V. Learning Ch. 8. (See relevant text and
readings for this topic from course schedule) The behaviorist (and other) views of learning as a
modification in behavior based on experience.
The basic model (or models) here are of
basic learning mechanisms that allow an organism to learn what things go
together in the world (or what are reliable signals of impending events) and
also organisms learning to repeat behaviors that "work" in leading to
pleasure (which often results from the satisfaction of basic drives and thus
has adaptive value). Not all behavior or learning fits these basic models,
but they are nonetheless of great use.
1. Pavlov and classical conditioning. Conditioned and unconditioned stimuli and
responses. Learning what goes with what in the world--to respond to a new
stimulus in a manner similar to how you responded to an original one. We do
this because the new one (the cs) is a signal that the original one is about to
appear. Stimulus generalization and stimulus discrimination. An important way
of learning about the regularities in the world--what is associated with what.

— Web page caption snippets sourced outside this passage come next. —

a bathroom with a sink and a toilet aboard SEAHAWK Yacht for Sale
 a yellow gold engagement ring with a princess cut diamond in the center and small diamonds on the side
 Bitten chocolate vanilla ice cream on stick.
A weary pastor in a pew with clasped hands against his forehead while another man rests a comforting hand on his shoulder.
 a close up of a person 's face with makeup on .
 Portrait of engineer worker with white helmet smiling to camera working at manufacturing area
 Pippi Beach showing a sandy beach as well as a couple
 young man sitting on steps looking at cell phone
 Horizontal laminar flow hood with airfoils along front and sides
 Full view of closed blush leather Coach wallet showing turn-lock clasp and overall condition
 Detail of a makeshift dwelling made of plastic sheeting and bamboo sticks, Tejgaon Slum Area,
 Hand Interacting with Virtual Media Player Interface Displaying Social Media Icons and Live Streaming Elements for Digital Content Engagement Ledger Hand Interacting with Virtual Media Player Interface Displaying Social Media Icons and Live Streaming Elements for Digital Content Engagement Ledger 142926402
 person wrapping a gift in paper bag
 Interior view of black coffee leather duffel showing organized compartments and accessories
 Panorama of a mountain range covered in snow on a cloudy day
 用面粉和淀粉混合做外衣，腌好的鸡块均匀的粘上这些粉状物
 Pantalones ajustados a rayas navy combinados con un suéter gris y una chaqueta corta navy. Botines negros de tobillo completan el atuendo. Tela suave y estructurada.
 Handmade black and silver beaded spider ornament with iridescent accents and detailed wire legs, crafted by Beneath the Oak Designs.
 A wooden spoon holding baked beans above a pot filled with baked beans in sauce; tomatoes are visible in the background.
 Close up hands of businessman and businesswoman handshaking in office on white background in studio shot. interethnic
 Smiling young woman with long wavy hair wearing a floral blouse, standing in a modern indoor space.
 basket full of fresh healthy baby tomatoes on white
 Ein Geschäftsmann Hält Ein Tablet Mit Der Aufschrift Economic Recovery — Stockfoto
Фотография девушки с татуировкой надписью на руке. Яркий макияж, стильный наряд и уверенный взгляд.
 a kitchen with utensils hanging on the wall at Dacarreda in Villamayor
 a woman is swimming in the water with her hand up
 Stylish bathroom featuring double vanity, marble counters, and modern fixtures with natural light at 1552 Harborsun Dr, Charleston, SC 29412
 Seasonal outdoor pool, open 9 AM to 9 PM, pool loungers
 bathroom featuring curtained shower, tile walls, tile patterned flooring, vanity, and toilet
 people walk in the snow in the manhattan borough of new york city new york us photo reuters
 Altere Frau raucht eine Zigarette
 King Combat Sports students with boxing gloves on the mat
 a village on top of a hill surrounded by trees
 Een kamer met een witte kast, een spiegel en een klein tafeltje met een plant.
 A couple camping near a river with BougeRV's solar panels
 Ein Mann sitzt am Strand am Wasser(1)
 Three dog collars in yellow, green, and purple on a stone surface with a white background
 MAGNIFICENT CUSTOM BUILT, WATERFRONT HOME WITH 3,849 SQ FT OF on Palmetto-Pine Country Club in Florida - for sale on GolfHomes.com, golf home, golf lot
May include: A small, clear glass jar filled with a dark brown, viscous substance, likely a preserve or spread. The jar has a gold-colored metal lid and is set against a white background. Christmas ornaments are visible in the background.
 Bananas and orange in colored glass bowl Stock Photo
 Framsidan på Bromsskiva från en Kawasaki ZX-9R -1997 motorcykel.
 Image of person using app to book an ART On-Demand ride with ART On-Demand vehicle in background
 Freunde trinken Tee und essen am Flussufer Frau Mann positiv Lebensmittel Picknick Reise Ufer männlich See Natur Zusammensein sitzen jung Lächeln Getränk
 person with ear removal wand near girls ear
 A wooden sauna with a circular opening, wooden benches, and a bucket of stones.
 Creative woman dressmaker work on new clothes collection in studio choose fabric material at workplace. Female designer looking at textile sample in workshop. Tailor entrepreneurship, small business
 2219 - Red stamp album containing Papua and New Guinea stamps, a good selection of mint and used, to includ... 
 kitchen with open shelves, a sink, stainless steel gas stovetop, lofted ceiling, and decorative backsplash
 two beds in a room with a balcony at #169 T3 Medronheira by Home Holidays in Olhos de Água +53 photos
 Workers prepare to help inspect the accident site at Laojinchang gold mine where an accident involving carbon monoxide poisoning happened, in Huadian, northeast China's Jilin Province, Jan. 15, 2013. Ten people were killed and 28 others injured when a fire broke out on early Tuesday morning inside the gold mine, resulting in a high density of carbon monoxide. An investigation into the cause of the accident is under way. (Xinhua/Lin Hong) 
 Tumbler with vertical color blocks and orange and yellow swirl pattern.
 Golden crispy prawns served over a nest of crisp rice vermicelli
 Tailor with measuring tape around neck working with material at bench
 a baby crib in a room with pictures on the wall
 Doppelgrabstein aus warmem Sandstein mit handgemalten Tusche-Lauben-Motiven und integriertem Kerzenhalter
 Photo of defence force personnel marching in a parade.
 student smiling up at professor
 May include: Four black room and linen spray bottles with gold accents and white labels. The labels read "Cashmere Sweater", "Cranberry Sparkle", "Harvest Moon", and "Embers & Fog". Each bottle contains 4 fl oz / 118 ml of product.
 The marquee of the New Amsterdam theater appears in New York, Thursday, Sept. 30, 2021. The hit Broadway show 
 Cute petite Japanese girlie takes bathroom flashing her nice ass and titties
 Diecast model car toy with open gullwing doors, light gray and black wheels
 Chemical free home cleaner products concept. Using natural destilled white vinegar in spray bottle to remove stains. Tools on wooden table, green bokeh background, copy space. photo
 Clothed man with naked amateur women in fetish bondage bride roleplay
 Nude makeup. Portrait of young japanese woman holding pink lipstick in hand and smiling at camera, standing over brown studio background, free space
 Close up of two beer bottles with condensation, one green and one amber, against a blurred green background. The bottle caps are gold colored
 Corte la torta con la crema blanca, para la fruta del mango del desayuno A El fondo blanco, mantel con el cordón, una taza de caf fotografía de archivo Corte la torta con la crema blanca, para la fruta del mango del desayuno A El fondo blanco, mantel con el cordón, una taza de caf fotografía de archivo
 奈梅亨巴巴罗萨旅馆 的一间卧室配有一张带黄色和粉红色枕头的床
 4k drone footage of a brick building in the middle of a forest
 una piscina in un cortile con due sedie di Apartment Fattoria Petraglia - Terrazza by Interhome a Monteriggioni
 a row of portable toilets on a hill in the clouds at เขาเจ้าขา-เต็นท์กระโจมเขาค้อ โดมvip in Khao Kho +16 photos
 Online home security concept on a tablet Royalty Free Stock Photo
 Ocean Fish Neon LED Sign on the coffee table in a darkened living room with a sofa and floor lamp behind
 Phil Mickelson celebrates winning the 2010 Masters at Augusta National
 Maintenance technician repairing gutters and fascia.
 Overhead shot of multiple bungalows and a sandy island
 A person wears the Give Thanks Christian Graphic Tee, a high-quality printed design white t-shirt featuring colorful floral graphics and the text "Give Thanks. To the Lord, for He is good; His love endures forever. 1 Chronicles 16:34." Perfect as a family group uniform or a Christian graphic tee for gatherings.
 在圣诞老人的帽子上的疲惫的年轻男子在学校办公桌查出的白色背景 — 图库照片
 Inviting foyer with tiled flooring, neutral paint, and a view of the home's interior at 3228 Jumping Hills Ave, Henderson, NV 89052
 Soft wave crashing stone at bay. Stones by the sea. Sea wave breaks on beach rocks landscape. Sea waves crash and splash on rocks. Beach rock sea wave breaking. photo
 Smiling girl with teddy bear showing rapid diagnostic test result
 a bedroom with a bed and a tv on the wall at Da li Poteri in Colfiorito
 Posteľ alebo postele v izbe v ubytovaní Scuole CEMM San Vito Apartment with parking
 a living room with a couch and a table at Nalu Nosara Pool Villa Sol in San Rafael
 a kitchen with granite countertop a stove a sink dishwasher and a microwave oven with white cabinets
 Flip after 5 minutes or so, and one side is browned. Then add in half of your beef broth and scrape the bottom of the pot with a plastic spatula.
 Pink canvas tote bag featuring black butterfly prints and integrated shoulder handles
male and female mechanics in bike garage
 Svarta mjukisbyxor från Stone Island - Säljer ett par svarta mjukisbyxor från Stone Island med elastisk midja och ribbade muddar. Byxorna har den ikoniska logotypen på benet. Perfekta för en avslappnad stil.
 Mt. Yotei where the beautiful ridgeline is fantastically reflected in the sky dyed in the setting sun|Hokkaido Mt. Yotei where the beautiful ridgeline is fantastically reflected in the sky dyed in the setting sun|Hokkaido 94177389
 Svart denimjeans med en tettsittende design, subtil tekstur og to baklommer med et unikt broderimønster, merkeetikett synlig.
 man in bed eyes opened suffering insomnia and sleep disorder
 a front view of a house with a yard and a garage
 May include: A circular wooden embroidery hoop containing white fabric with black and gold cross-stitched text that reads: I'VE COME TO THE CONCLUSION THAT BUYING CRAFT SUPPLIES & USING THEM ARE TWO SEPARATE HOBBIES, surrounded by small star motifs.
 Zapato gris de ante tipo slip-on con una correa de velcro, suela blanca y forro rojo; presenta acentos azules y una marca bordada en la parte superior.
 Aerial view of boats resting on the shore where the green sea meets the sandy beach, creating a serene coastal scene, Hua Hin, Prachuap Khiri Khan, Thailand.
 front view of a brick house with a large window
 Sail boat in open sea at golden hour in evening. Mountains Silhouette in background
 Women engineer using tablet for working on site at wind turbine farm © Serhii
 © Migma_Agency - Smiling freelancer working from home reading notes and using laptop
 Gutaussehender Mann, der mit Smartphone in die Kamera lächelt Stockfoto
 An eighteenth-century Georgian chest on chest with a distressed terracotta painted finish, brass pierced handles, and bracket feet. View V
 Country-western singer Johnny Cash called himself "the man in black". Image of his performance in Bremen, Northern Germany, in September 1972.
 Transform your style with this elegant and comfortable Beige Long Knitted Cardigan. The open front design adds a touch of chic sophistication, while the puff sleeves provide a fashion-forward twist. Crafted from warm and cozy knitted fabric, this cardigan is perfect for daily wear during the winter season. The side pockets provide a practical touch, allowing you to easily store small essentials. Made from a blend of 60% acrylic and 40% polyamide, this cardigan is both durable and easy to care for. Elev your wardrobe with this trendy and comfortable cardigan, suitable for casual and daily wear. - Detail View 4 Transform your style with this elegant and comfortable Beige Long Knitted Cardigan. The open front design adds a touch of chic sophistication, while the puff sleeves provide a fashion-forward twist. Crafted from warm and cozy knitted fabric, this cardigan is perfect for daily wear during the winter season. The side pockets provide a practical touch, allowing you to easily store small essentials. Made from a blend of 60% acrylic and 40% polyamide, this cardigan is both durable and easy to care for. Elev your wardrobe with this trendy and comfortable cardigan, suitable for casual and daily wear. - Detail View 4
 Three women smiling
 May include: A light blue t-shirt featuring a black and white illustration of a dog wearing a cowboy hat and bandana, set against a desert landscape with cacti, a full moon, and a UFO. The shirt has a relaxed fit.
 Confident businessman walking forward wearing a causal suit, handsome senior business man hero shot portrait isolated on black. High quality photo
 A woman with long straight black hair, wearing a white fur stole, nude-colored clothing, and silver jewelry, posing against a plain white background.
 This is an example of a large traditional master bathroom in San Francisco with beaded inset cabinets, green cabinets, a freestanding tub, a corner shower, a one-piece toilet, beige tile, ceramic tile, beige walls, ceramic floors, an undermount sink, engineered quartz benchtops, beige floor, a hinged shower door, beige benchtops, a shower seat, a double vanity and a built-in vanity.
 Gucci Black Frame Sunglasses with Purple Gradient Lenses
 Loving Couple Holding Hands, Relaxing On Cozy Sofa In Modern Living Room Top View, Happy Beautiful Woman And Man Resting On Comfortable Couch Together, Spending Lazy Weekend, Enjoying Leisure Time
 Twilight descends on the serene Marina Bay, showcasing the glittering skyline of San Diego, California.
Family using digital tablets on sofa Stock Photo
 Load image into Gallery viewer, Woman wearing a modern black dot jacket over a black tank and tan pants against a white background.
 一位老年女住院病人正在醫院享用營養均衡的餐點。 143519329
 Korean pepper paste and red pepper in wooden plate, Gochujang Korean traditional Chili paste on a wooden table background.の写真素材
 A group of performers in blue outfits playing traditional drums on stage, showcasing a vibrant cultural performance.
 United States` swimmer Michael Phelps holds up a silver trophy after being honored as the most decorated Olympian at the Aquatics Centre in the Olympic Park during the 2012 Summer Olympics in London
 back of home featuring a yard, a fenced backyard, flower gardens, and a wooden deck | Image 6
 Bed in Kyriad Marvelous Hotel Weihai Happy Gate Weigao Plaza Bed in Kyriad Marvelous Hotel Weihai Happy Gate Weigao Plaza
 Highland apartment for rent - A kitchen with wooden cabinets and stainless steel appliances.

Pavlov's work showed that learning can happen at low levels of the nervous
system.
2. Thorndike's law of effect and its later modification by Skinner into
instrumental learning. Reward based learning. Role of punishment. Extinction
and resistance to extinction. Impact of different schedules of
reinforcement--strong impact on how easy or hard it is to extinguish behavior.
Stimulus generalization and stim. discrimination. Shaping or successive
approximation. Real world applications. of instrumental learning principles.
3. Long term potentiation as a mechanism of learning. Experiments with Aplysia
and classical conditioning (neural model of learning).
4. Modern cognitive "reinterpretation" of what is learned--> a
more central & representational view of learning that modifies some of the
overgeneralized or overextended claims of behaviorism. Issues such as
belongingness, informational value of stimuli as signals of impending events,
(contingency). Remember the smart apes!
5. What is the usefulness/functionality of the Behaviorist view of learning--how
has it been applied/can it be applied? How might you use both of these basic
models of learning? Which do you think is the more useful or important? Can we
separate the usefulness from the ideology? In particular, how does learning
couple with motivation (homeostatic control) to make animals adaptive to their
changing environments?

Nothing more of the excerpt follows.